Alfred L. Kroeber in A Left-Handed Commencement Address

Basic Information

Name: Alfred L. Kroeber

Nickname: Dean of American Anthropologists, The Kroebster, Kroebalamadingdong, The Kroeber-meister

Born: June 11, 1876

Died: October 5, 1960

Nationality: American (1st Generation, of German descent)

Hometown: Hoboken, New Jersey

WORK & EDUCATION

Occupation: Professor of Anthropology at University of California, Berkeley, Director of the Museum of Anthropology, Berkeley.

Education: A.B. in English (1896), M.A. in Romantic Drama (1897), Ph.D. of Cultural Anthropology from Columbia University (1901)

FAMILY & FRIENDS

Parents: Florence and Johanna Kroeber

Siblings: Three younger siblings

Spouse: Henrietta Rothschild (1906-1913, when she died of tuberculosis); Theodora Kracaw Brown (1926-1960)

Children: Karl Kroeber, Theodore Kroeber, Clifford Kroeber, and Ursula Le Guin

Friends: Franz Boas, Ishi, Theodora, Omer Stewart, Ralph Beals

Foes: Ignorance, anyone who mistreated Native Americans


Analysis

Prediction for Newest Hipster Trend: The Kroeber Beard

Alfred Kroeber was a pretty insanely fascinating dude.
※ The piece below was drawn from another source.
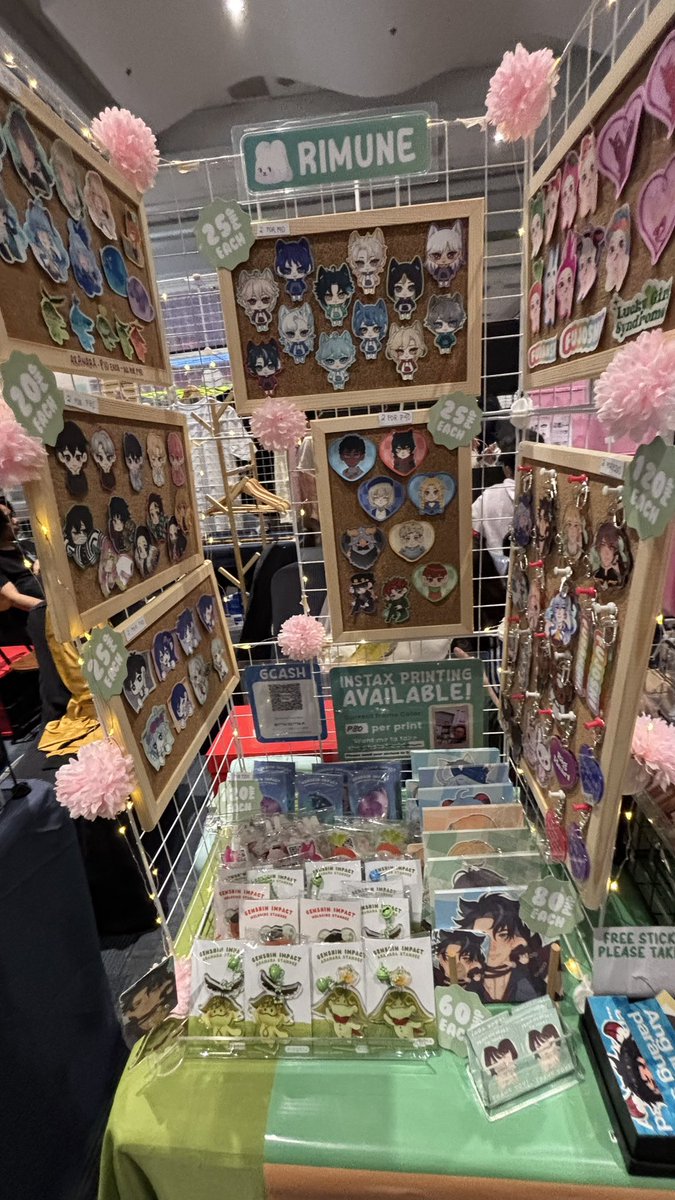 _rimune's tweet photo. Here at #acx!!  #artistalley #artph https://t.co/jt85CdQ8iL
Check it out:

He was born in New Jersey to German-immigrant parents, and interestingly enough his childhood was anything but a typical impoverished-immigrant family story. He was firmly upper-middle class, and he studied in New York's finest private schools, excelling in languages like German, English, Latin, and Greek. He went to Columbia College at the age of sixteen (!), earning an associate's degree in English, and then a master's in Romantic Drama. Then he delved into the new field of Anthropology, receiving the first ever Ph.D. in that particular discipline by writing a dissertation on the "decorative symbolism" of the Arapaho Indians.

Not too shabby so far, right? Well, he's not done yet…

He then went on to build the University of California, Berkeley's Anthropology Department, and spent most of his career there influencing America's budding anthropologists and fighting for the rights of the many disenfranchised western tribes of Native Americans. He was so influential, in fact, that the way he styled his facial hair became a massive trend of the times. (He was quite the stud, you have to admit.)

Proud Papa

Most notably, though, Kroeber is famous for working with Ishi, a man who claimed to be the last California Yahi Indian (and of whose exploits Kroeber's beloved wife, Theodora, wrote an acclaimed biography).

More importantly to us, though, Alfred Kroeber was a huge influence for his daughter, Ursula Le Guin. She has often has expressed a deep gratitude for the environment he and her mother created at their home and for most of her unorthodox upbringing:

Obviously, my father's interest and temperament set some kind of… well, I almost want to say a moral tone. He was interested in everything. Living with a mind like that is, of course, a kind of education. His field of science was a human one, and that's really good luck for a novelist. […]

We spent every summer, all summer, at a ranch he had bought in Napa Valley. It was very run-down, easygoing, and my parents had lots and lots of guests. My father would entertain his fellow academics and people from abroad—this was the late thirties, and there were refugees coming in, people from all over the world. Among the guests were a couple of Indians who had been "informants," as they called them then—they don't use that word anymore—tribal members my father had come to know as friends through working with them, learning their language and customs from them. One of them, Juan Dolores, was a Papago, or O'odham—he was a real family friend. And he would stay for a couple weeks or a month. So we sort of had this Indian uncle. Just having these people from a truly other culture—it was a tremendous gift.

Maybe simply the experience of the "other"? A lot of people never have it, or don't take the chance when offered. Everybody in the industrial nations now sees "others" on the TV, and so on, but that's not the same as living with them. Even if only one or two of them. (Le Guin, 2013)

This experience of the "other" and an outlook on life that embraced different perspectives laid much of the groundwork for Le Guin's anthropological sect of science-fiction. That's a pretty big "gift", don't you think?

He also supported Ursula in all of her early publication efforts, especially in the fascinating world of poetry.

I knew by then that my main shtick was fiction, but that I would always write poetry. My first publications were all poetry, and that's partly because of my father. He realized that sending out poetry is quite a big job. It takes method and a certain amount of diligence and a good deal of time. And he said, I could help you do that, that would be fun! He got interested in the subculture of the little magazines and realized that it is a little world, with rules all its own. (Le Guin, 2013)

Thanks, Alfred Kroeber, for being a supportive father and nurturing Le Guin's sense of anthropological curiosity. The literary world will never be the same.